:: Prompt ::
Copy out exactly the stretch below, from the line with "KODAK SD Cards" through the line with "Plus Size Women", both included; the pictures stay out.

:: Records for the task ::
******************************
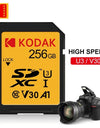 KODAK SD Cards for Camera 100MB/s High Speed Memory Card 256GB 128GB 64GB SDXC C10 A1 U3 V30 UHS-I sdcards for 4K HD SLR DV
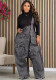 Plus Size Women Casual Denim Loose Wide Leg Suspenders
******************************
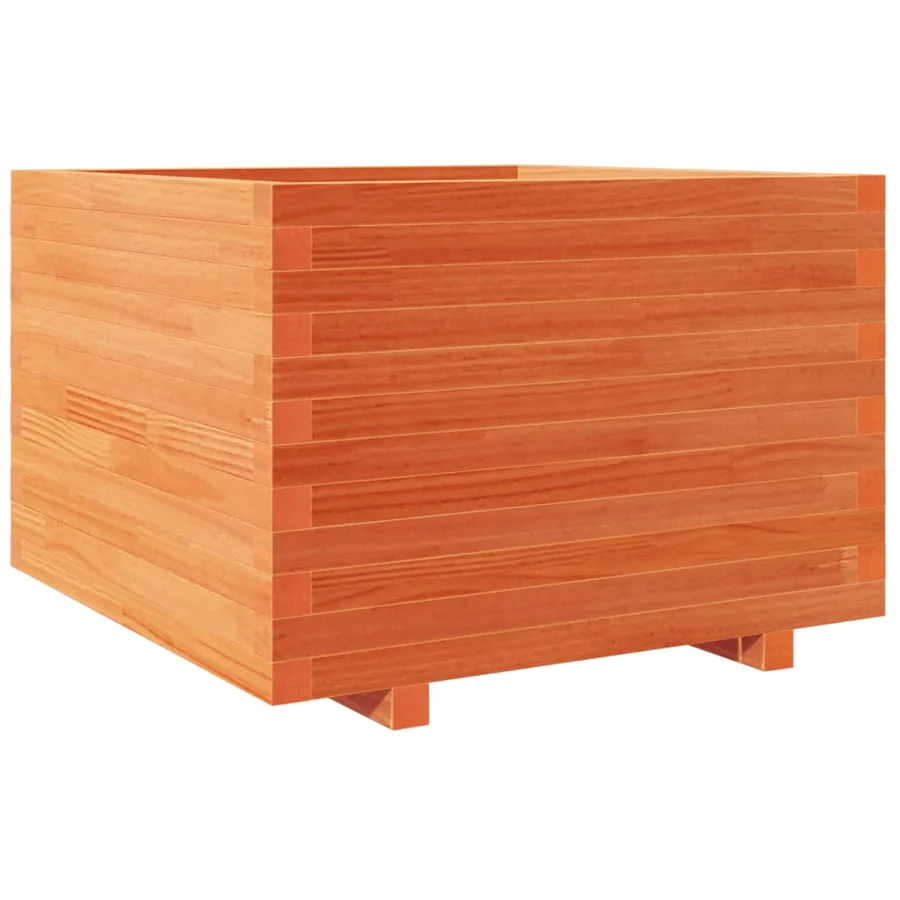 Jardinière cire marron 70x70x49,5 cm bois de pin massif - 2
******************************
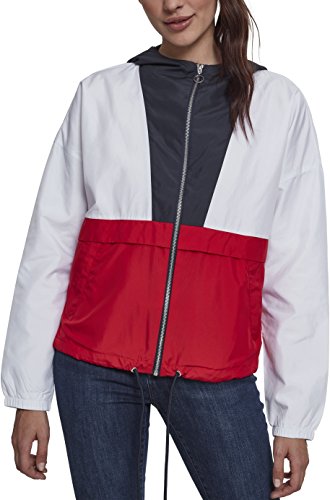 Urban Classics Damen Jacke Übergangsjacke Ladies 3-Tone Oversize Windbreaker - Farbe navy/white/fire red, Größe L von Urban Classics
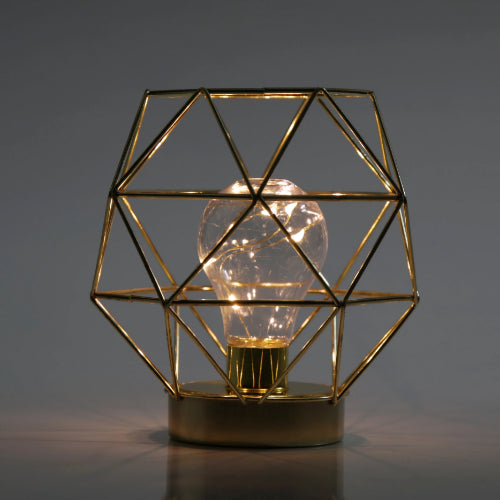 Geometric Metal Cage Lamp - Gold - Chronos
******************************
:: Written solution ::
 KODAK SD Cards for Camera 100MB/s High Speed Memory Card 256GB 128GB 64GB SDXC C10 A1 U3 V30 UHS-I sdcards for 4K HD SLR DV
 Plus Size Women Casual Denim Loose Wide Leg Suspenders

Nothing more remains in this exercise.